▶ **EXERCISE AIM**: An exact reproduction of the records is required, with all pictures omitted.

Records excerpted from a collection:
***

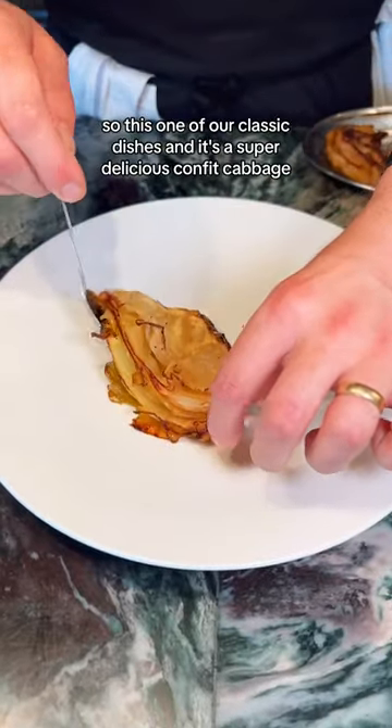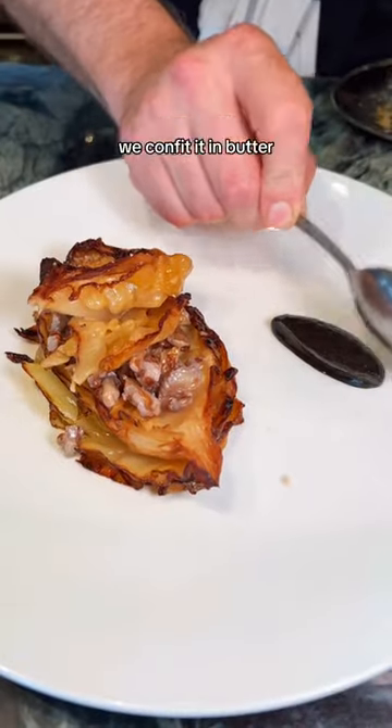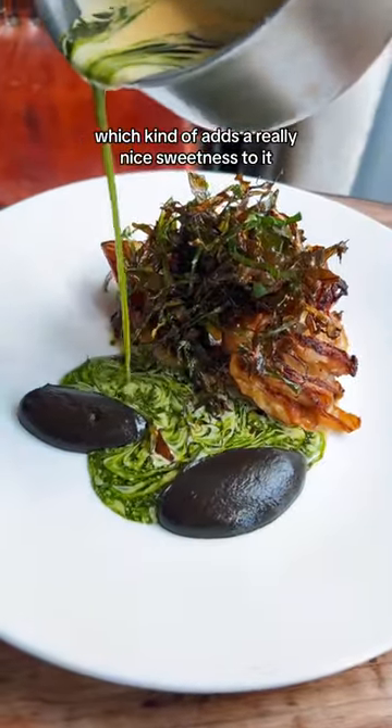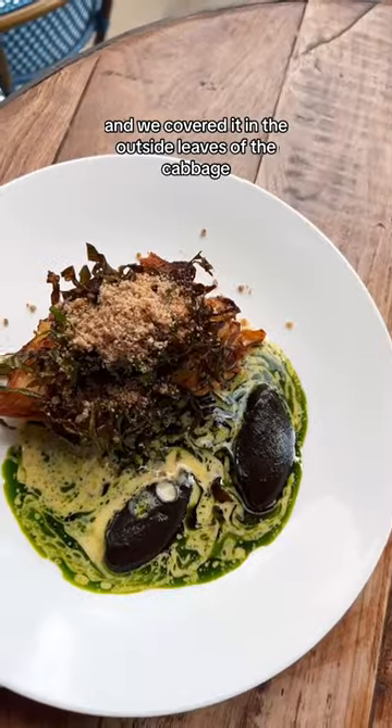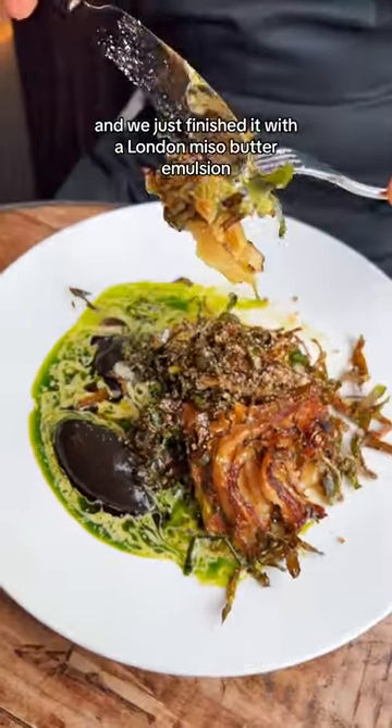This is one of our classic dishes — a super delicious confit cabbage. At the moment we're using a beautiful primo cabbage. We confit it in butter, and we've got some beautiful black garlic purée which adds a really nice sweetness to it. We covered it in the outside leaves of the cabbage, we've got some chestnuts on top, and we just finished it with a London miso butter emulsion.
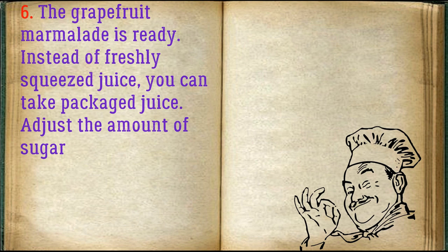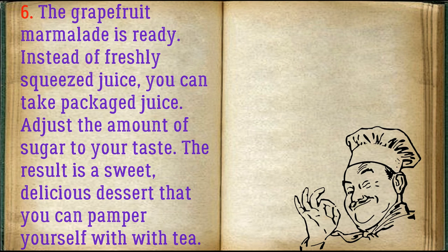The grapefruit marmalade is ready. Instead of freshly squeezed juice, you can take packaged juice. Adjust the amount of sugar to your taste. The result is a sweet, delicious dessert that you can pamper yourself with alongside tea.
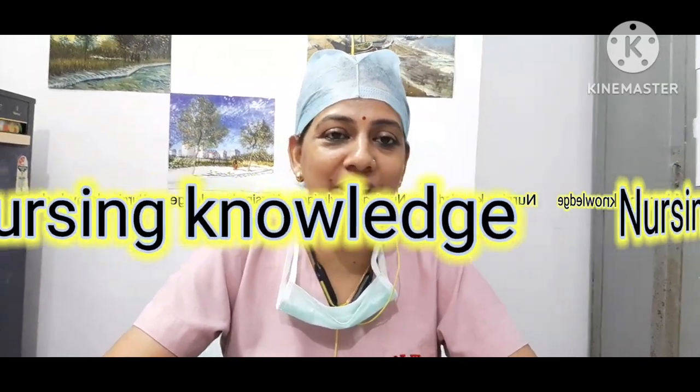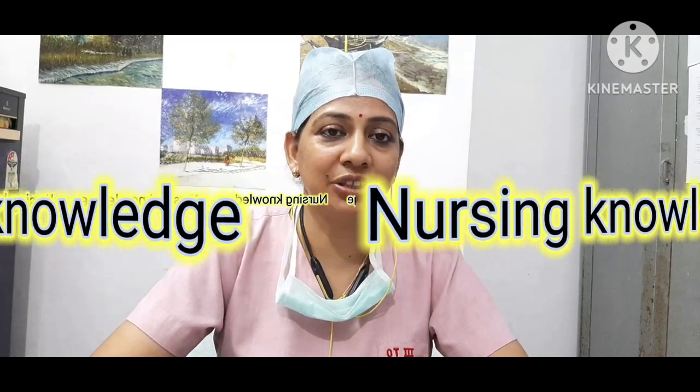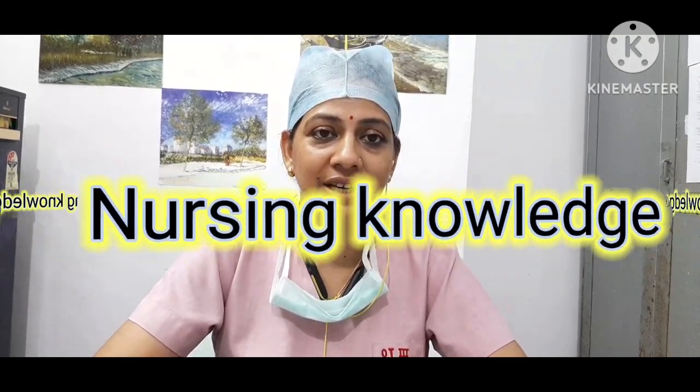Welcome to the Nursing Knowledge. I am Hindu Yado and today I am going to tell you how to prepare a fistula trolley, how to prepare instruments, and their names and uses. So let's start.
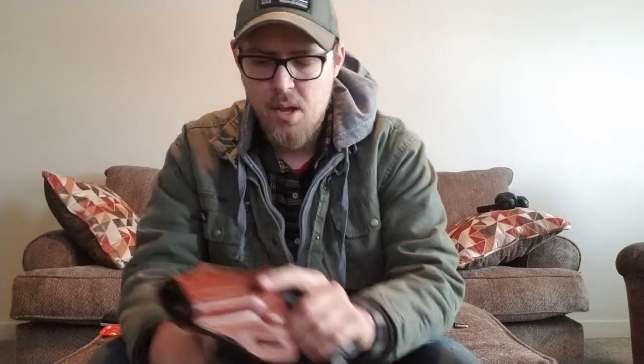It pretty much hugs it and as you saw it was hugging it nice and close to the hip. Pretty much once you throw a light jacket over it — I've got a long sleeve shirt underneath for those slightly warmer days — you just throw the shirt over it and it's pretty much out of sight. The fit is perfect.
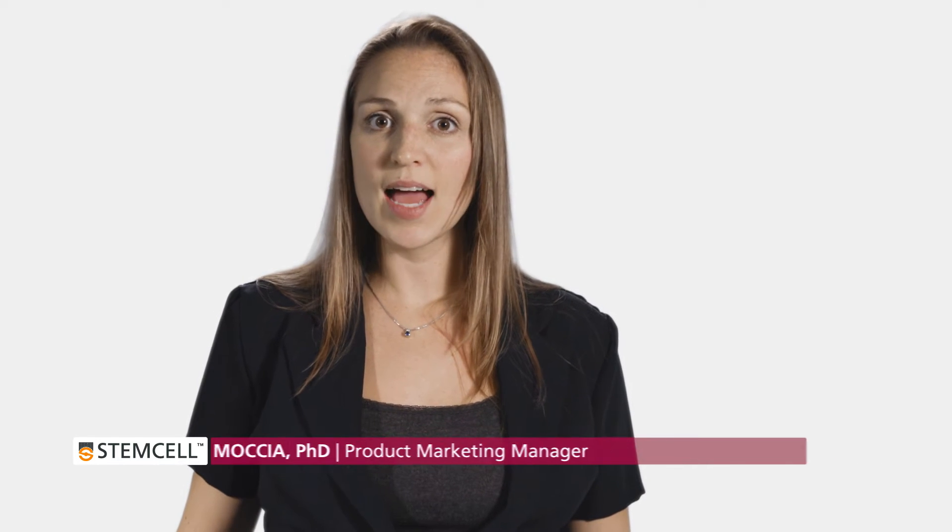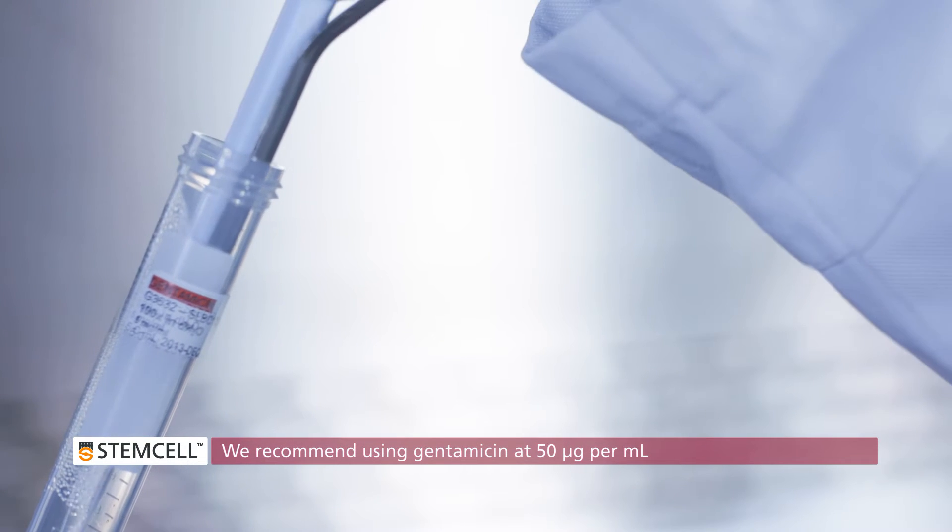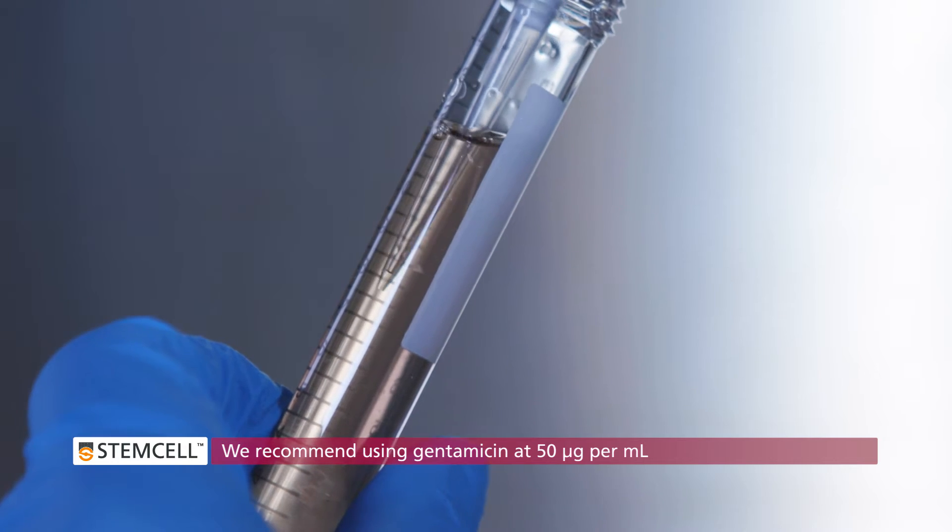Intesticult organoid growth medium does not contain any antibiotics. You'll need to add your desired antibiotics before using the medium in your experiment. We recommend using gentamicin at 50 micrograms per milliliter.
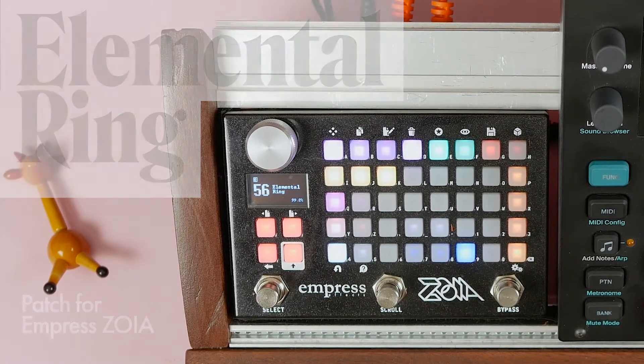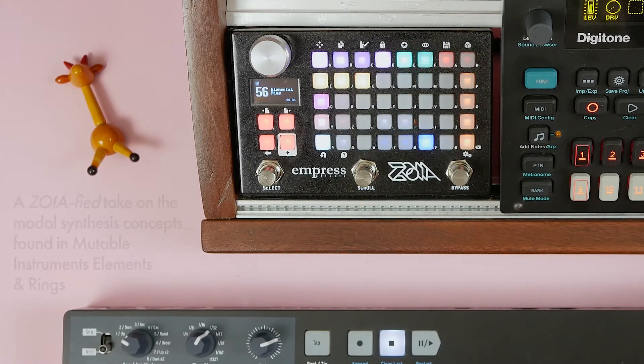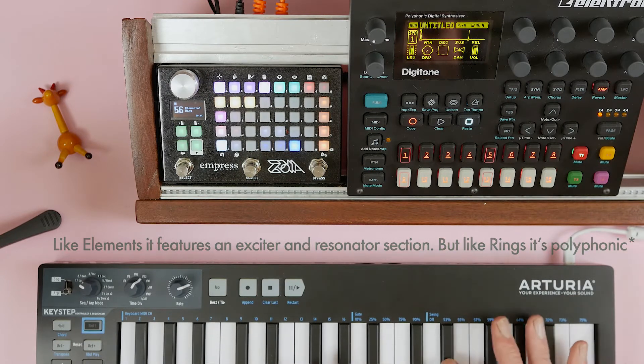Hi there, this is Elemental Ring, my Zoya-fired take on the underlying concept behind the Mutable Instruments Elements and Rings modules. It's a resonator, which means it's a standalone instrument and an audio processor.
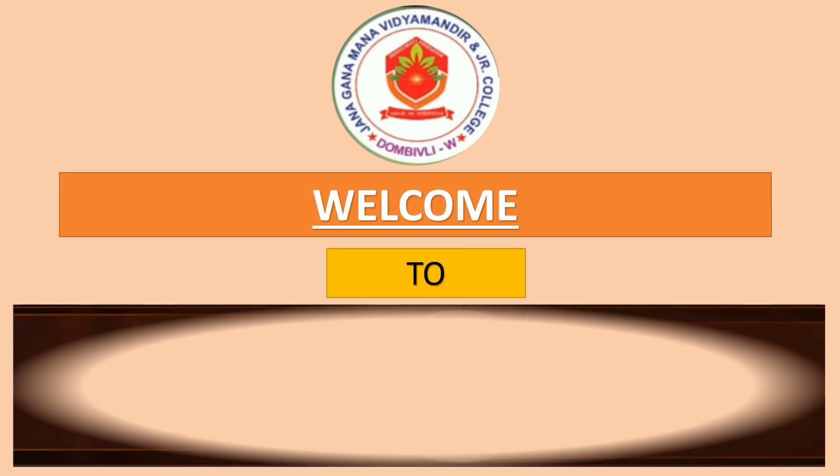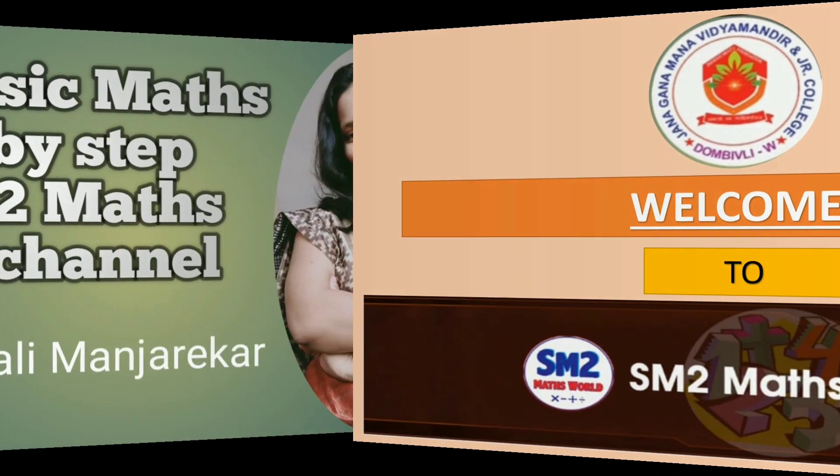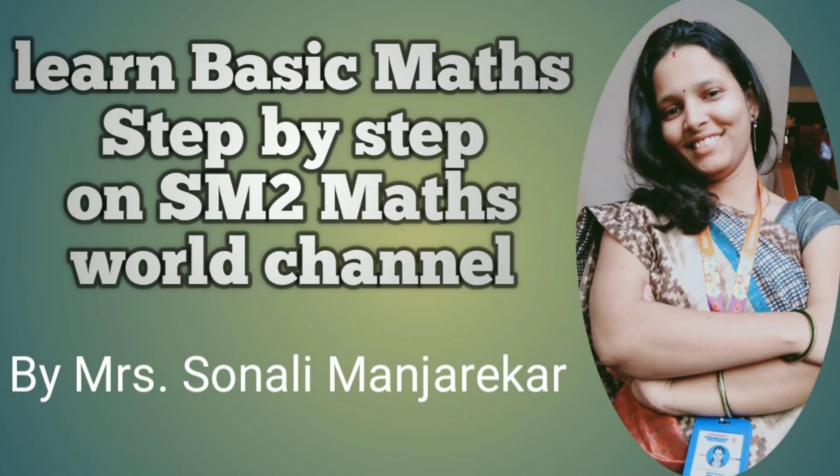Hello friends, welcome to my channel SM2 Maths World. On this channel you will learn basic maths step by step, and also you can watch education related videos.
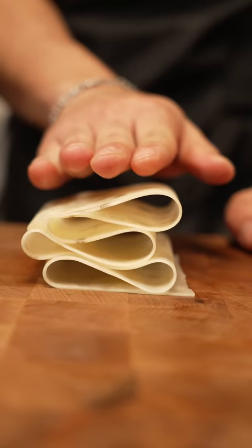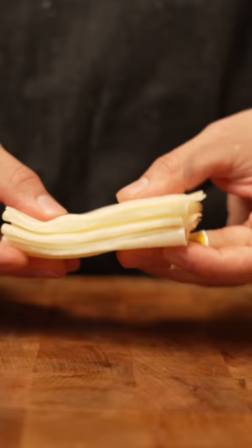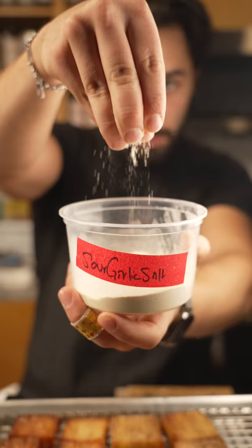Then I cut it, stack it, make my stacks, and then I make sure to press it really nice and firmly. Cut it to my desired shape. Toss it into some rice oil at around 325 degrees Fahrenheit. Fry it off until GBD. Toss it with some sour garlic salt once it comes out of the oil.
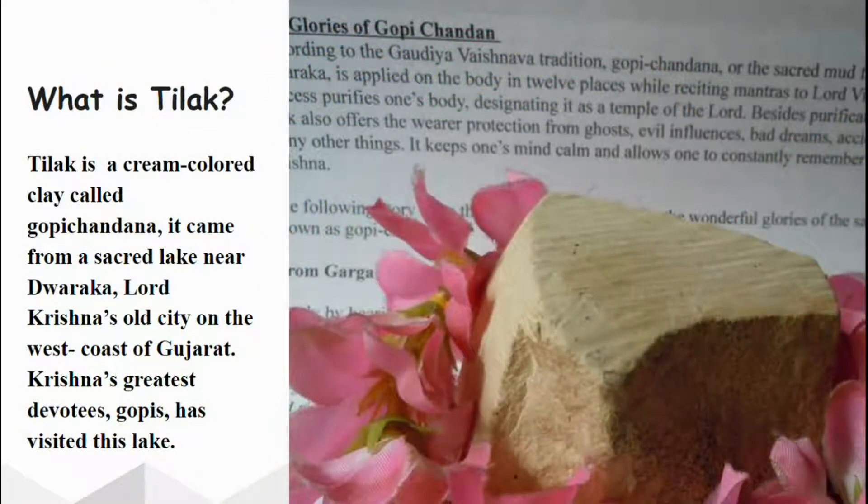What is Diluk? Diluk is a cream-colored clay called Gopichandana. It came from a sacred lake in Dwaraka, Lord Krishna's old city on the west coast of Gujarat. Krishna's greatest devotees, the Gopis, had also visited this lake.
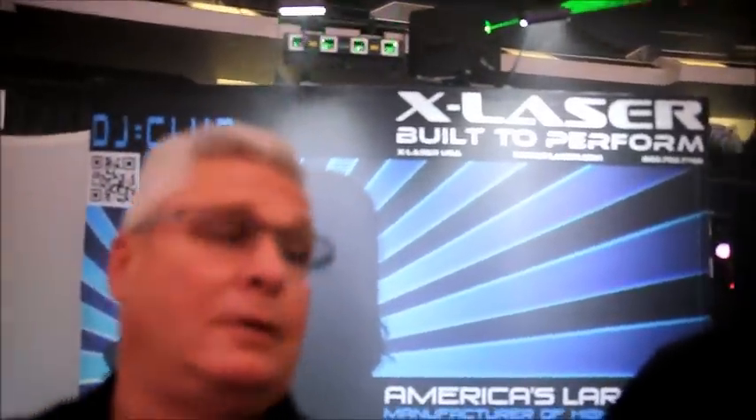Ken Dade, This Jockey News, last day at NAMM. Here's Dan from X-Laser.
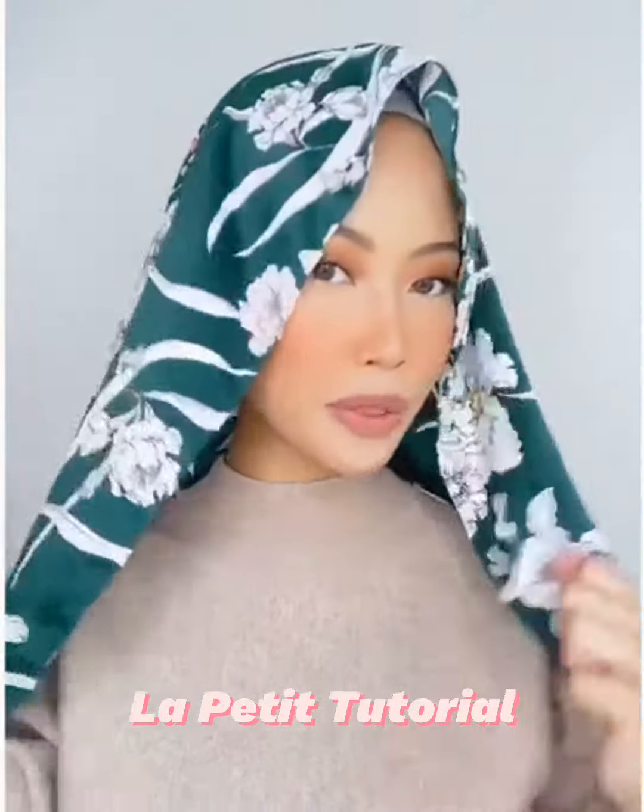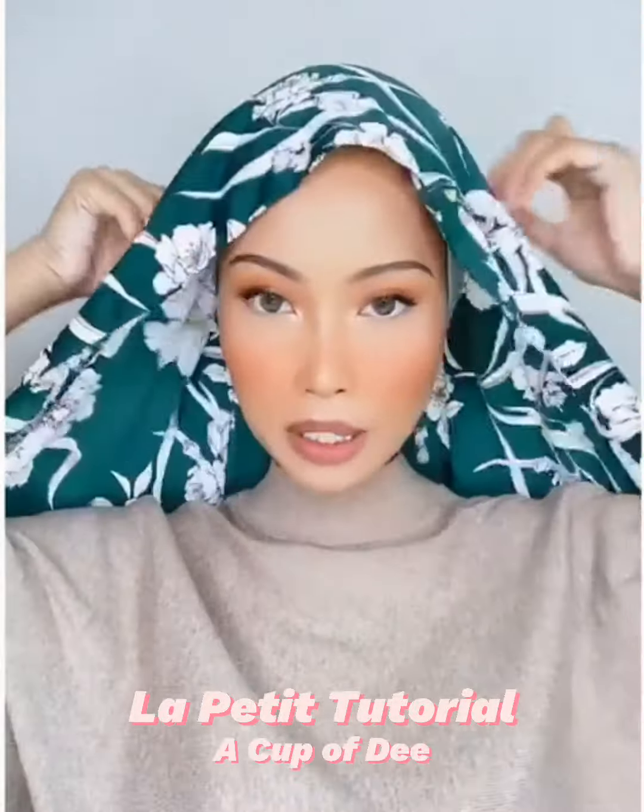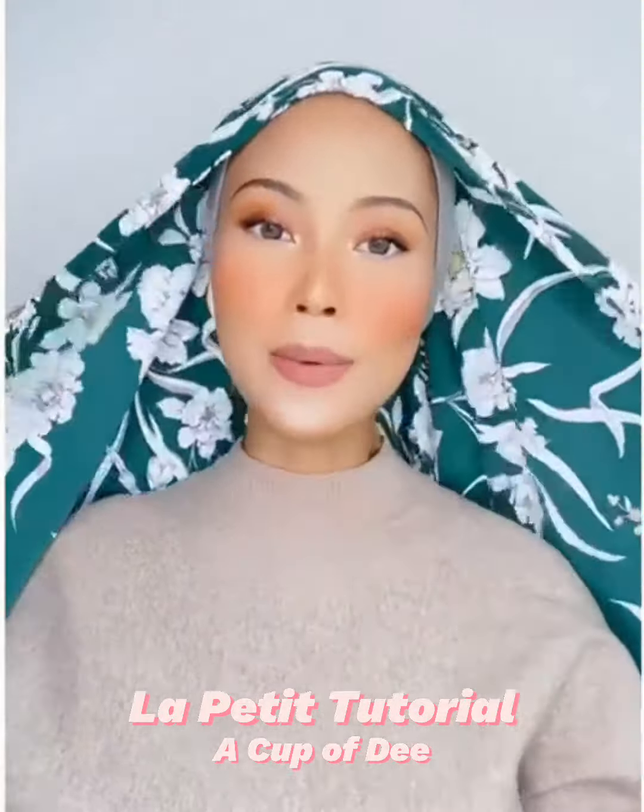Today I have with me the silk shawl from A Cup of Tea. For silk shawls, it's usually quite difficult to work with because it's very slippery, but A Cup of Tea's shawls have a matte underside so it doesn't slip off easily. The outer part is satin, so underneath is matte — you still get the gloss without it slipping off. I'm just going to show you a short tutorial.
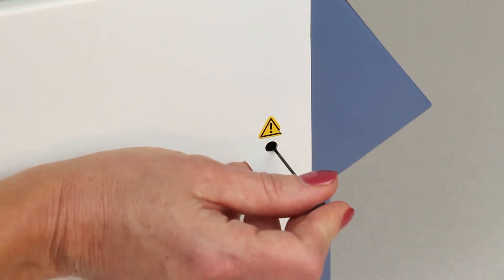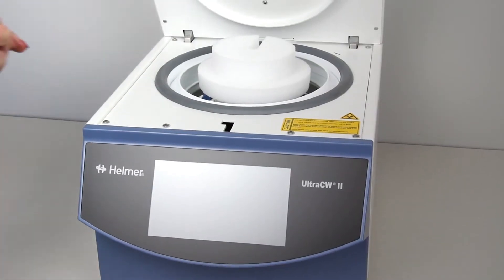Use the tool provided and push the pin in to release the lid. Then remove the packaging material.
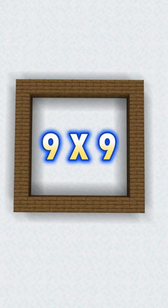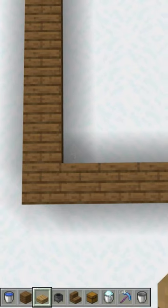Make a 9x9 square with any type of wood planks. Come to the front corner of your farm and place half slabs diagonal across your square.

***

▶ **ANSWER FOR THE TASK**:
This is one of our classic dishes — a super delicious confit cabbage. At the moment we're using a beautiful primo cabbage. We confit it in butter, and we've got some beautiful black garlic purée which adds a really nice sweetness to it. We covered it in the outside leaves of the cabbage, we've got some chestnuts on top, and we just finished it with a London miso butter emulsion.
The grapefruit marmalade is ready. Instead of freshly squeezed juice, you can take packaged juice. Adjust the amount of sugar to your taste. The result is a sweet, delicious dessert that you can pamper yourself with alongside tea.
Welcome to the Nursing Knowledge. I am Hindu Yado and today I am going to tell you how to prepare a fistula trolley, how to prepare instruments, and their names and uses. So let's start.
It pretty much hugs it and as you saw it was hugging it nice and close to the hip. Pretty much once you throw a light jacket over it — I've got a long sleeve shirt underneath for those slightly warmer days — you just throw the shirt over it and it's pretty much out of sight. The fit is perfect.
Intesticult organoid growth medium does not contain any antibiotics. You'll need to add your desired antibiotics before using the medium in your experiment. We recommend using gentamicin at 50 micrograms per milliliter.
Hi there, this is Elemental Ring, my Zoya-fired take on the underlying concept behind the Mutable Instruments Elements and Rings modules. It's a resonator, which means it's a standalone instrument and an audio processor.
Hello friends, welcome to my channel SM2 Maths World. On this channel you will learn basic maths step by step, and also you can watch education related videos.
Then I cut it, stack it, make my stacks, and then I make sure to press it really nice and firmly. Cut it to my desired shape. Toss it into some rice oil at around 325 degrees Fahrenheit. Fry it off until GBD. Toss it with some sour garlic salt once it comes out of the oil.
What is Diluk? Diluk is a cream-colored clay called Gopichandana. It came from a sacred lake in Dwaraka, Lord Krishna's old city on the west coast of Gujarat. Krishna's greatest devotees, the Gopis, had also visited this lake.
Ken Dade, This Jockey News, last day at NAMM. Here's Dan from X-Laser.
Today I have with me the silk shawl from A Cup of Tea. For silk shawls, it's usually quite difficult to work with because it's very slippery, but A Cup of Tea's shawls have a matte underside so it doesn't slip off easily. The outer part is satin, so underneath is matte — you still get the gloss without it slipping off. I'm just going to show you a short tutorial.
Use the tool provided and push the pin in to release the lid. Then remove the packaging material.
Make a 9x9 square with any type of wood planks. Come to the front corner of your farm and place half slabs diagonal across your square.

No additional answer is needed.